Although I have five beautiful children now, I remember clearly the days when I thought that I would never be a mother.  Infertility was hard on me.  It took a toll on my emotions making me wonder why I couldn't just be "normal".  The first fertility drug I took, Clomid, made my hormones go crazy.  I would have highs in which I felt on top of the world and lows when I thought that things couldn't get any worse, all in the same week.  I could be laughing one minute and crying the next, you just never knew what you were going to get around me.  The fact that my body didn't respond the way that it should to the medicine, made me feel even less of a woman.  Moving on to see a specialist and to try the next steps in treating the infertility had another set of challenges.  With the injectible medicine, not only did I still experience the emotional roller coaster, it added in physical challenges as well.  With this treatment came daily blood draws and ultrasounds (not the fun kind).  My arms were black and blue by the end of the week.  I remember the pain of hyper stimulated ovaries.  I couldn't sit or walk with my back straight as my stomach filled with fluid, but it all became worth it the day the nurse said to me, "I think all of this pain is a good sign."  Less than a week later, the blood test showed a positive result!

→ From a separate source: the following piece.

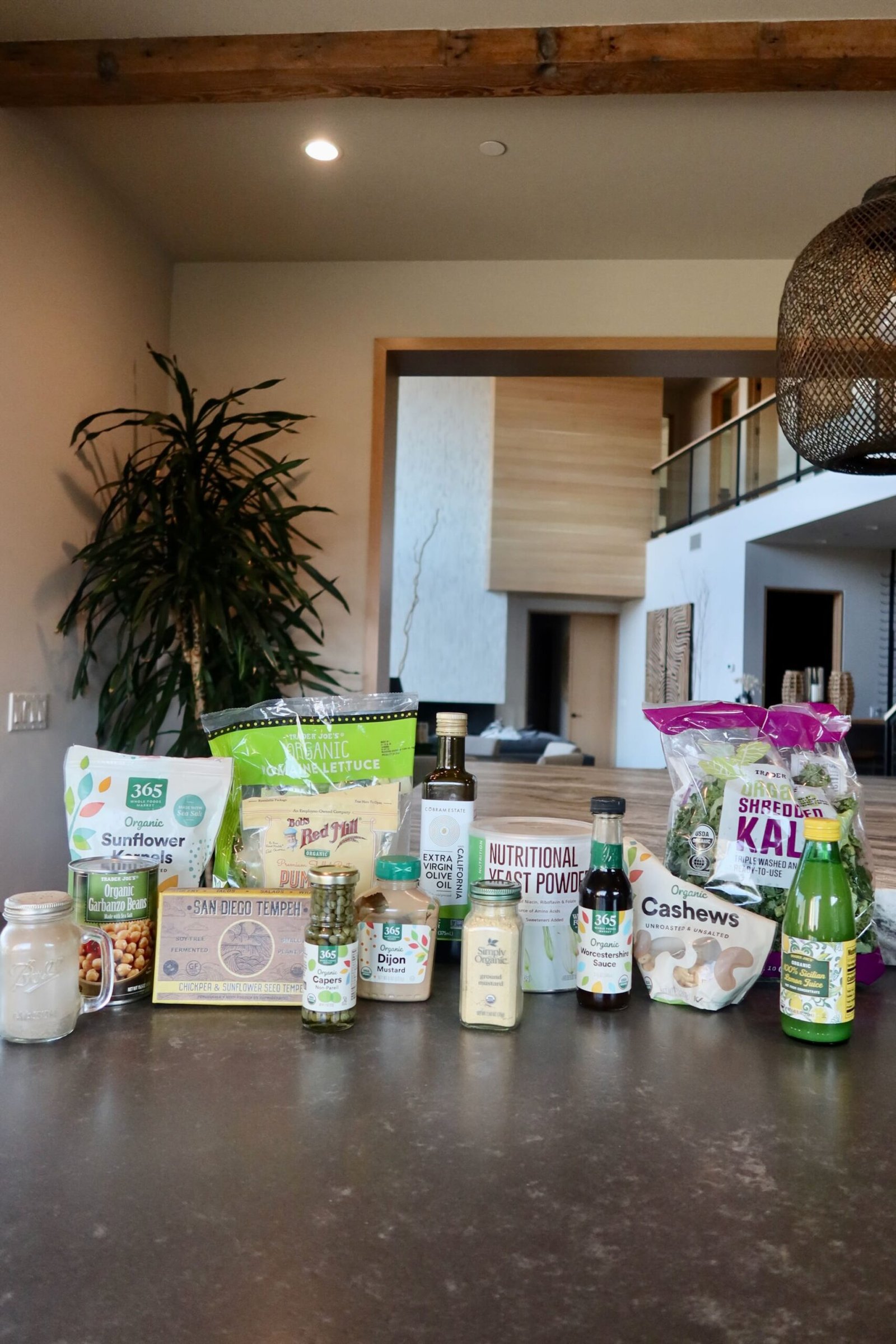 Ingredients for Erewhon vegan Caesar salad including romaine kale cashews chickpeas capers and nutritional yeast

This was definitely not the end to the emotional and physical pain.  I had said through the entire process, "I would rather God not let me get pregnant at all, than take a baby away from me."  Of course, I was talking about miscarriage.  Unfortunately, His plans were already set.  20 weeks after getting pregnant for the first time, I gave birth to two precious little ones.  Gavin, our little boy, was already gone, but  I will never forget holding little Greta, so tiny, as her little heart stopped beating.  I couldn't help but wonder why.  It has been four years today that I gave my first babies back to God, and I no longer ask that question.  I have always been a true believer that everything happens for a reason.  My trials and losses while working my way to motherhood have made me the person that I am today, and I am so happy to be the mother of five beautiful children.

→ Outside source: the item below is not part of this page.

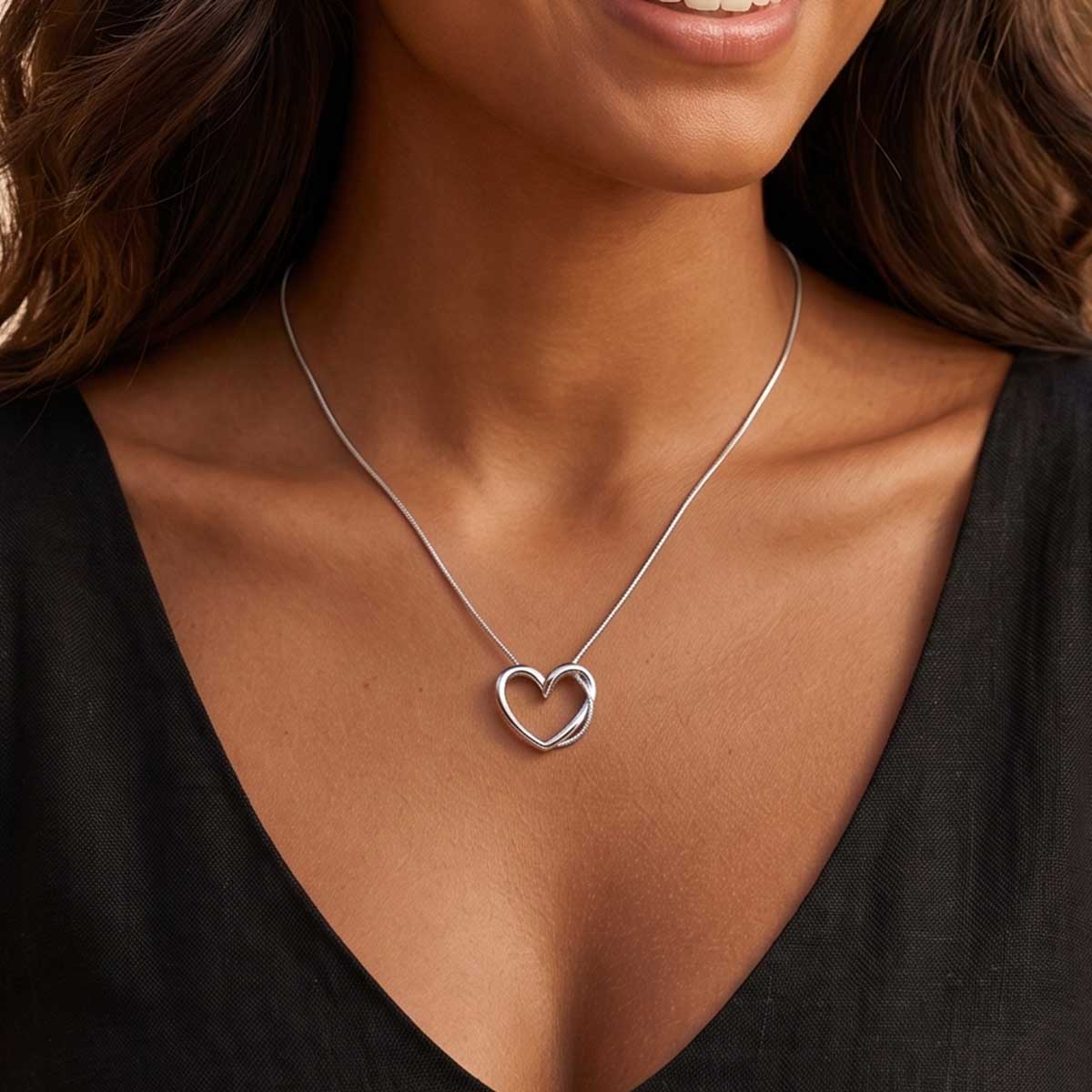 Silberfarbene Damen Halskette mit Herz Anhänger am Hals eines Models getragen.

Thursday, September 1, 2011

A Reason to Celebrate

September has not been the best of months for me.  In fact, until 3 years ago, Sept. 12th, I absolutely despised the month.  It holds the two worst memories of my life, my car accident that took the life of one of my best friends and the loss of our twins, Greta and Gavin.   If you have lived through any kind of tragedy, I'm sure you can relate to the way I feel during this month.  I think of Monica and the twins daily, but as the anniversaries of their deaths approach, it seems as though I recall the incidents that led up to them more clearly.  They are by far the worst two days of my life, and not only because I suffered a loss, but because of the loss that I feel like I put upon others.  As thankful as I am today for the love and support through our most recent joy, I am so grateful that I had the same love and support during those difficult times.  I read a saying today that said:  I am strong because I know weakness. I am compassionate because I have experienced suffering. I am alive because I am a fighter. I am wise because I've been foolish. I can laugh because I've known sadness. I can love because I've known loss.
This month, I will celebrate my oldest daughter, Lilya's, 3rd birthday.  I will not think any less of the events that took place on Sept. 17, 1994 and Sept. 4, 2007, but I am grateful that God has given me reason to celebrate the month of September.  I am so glad that I am able to share my joys with those who love us, and thankful for those who understand my sadness.